DATA TO USE section start
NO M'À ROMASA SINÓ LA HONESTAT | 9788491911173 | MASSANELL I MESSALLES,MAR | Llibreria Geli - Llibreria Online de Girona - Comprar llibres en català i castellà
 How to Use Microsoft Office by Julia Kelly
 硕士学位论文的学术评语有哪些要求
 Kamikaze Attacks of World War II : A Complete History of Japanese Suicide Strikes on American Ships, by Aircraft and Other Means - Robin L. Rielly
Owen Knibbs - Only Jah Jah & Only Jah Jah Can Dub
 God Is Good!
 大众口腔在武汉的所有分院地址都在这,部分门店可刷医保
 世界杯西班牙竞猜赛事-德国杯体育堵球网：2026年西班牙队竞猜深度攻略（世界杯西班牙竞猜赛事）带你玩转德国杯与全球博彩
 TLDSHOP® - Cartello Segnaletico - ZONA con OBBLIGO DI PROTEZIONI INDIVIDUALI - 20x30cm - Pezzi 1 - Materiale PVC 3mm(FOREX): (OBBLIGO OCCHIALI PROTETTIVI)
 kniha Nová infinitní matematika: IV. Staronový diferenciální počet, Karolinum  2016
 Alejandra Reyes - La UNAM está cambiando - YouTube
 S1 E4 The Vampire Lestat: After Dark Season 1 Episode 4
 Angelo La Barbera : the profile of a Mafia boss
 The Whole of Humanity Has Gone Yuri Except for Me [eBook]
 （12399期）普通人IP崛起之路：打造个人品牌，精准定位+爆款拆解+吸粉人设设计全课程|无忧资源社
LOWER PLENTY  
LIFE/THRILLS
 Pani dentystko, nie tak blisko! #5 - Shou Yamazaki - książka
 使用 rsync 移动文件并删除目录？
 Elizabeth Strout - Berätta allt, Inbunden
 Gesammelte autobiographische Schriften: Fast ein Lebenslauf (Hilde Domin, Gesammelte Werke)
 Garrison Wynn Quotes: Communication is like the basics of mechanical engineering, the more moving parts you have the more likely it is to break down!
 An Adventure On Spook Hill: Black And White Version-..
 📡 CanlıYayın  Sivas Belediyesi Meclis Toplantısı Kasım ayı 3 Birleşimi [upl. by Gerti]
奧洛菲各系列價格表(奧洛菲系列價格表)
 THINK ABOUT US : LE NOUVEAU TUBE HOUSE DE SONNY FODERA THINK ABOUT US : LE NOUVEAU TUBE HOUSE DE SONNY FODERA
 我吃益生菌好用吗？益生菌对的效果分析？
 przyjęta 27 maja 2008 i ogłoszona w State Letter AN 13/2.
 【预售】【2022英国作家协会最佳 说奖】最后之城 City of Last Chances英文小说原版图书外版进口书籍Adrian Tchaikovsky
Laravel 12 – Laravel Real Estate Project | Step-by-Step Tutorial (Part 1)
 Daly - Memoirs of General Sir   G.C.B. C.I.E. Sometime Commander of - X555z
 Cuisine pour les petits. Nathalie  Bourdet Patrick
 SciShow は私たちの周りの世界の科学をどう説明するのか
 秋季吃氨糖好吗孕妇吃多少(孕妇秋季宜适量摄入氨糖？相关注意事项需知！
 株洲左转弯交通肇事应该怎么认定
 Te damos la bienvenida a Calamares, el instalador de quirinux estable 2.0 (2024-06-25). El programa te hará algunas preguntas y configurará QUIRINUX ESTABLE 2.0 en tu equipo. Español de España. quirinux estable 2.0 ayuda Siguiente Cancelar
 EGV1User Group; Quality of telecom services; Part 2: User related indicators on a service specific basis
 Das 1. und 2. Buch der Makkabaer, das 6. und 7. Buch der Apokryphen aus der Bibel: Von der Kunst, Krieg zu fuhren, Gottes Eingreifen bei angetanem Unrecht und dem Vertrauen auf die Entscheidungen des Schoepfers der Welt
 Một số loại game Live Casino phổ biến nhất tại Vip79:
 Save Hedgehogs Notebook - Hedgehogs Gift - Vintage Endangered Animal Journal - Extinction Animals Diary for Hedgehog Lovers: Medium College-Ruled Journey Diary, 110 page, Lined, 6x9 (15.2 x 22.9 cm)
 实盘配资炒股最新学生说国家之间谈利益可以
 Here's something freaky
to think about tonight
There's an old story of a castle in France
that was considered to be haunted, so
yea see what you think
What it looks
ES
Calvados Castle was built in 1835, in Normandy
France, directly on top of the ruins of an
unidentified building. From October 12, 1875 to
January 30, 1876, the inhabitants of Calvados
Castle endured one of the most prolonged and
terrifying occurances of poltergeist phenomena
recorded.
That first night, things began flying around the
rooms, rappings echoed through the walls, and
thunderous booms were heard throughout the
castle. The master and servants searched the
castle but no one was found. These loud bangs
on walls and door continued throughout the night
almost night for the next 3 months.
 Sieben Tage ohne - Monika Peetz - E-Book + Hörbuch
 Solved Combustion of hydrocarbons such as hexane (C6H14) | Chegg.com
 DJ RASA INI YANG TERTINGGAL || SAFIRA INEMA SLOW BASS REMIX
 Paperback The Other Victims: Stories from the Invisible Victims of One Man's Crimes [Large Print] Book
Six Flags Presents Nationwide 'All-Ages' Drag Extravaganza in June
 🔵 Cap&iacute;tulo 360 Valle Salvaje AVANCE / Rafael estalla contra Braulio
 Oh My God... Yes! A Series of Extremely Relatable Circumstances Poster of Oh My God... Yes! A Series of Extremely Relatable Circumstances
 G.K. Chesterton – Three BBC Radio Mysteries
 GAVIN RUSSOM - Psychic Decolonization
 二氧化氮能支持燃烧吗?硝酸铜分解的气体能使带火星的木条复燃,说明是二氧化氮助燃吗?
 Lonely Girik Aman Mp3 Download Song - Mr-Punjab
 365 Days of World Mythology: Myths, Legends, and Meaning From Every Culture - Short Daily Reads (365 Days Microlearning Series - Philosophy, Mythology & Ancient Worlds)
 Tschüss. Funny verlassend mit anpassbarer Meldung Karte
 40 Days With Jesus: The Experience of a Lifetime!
DATA TO USE section end
**EXERCISE OBJECTIVE:**
The expected answer is an exact copy of the lines above, beginning at the line with "to think about tonight" and ending at the line with "Lonely Girik Aman", with both ends in.

**YOUR RESPONSE:**
to think about tonight
There's an old story of a castle in France
that was considered to be haunted, so
yea see what you think
What it looks
ES
Calvados Castle was built in 1835, in Normandy
France, directly on top of the ruins of an
unidentified building. From October 12, 1875 to
January 30, 1876, the inhabitants of Calvados
Castle endured one of the most prolonged and
terrifying occurances of poltergeist phenomena
recorded.
That first night, things began flying around the
rooms, rappings echoed through the walls, and
thunderous booms were heard throughout the
castle. The master and servants searched the
castle but no one was found. These loud bangs
on walls and door continued throughout the night
almost night for the next 3 months.
 Sieben Tage ohne - Monika Peetz - E-Book + Hörbuch
 Solved Combustion of hydrocarbons such as hexane (C6H14) | Chegg.com
 DJ RASA INI YANG TERTINGGAL || SAFIRA INEMA SLOW BASS REMIX
 Paperback The Other Victims: Stories from the Invisible Victims of One Man's Crimes [Large Print] Book
Six Flags Presents Nationwide 'All-Ages' Drag Extravaganza in June
 🔵 Cap&iacute;tulo 360 Valle Salvaje AVANCE / Rafael estalla contra Braulio
 Oh My God... Yes! A Series of Extremely Relatable Circumstances Poster of Oh My God... Yes! A Series of Extremely Relatable Circumstances
 G.K. Chesterton – Three BBC Radio Mysteries
 GAVIN RUSSOM - Psychic Decolonization
 二氧化氮能支持燃烧吗?硝酸铜分解的气体能使带火星的木条复燃,说明是二氧化氮助燃吗?
 Lonely Girik Aman Mp3 Download Song - Mr-Punjab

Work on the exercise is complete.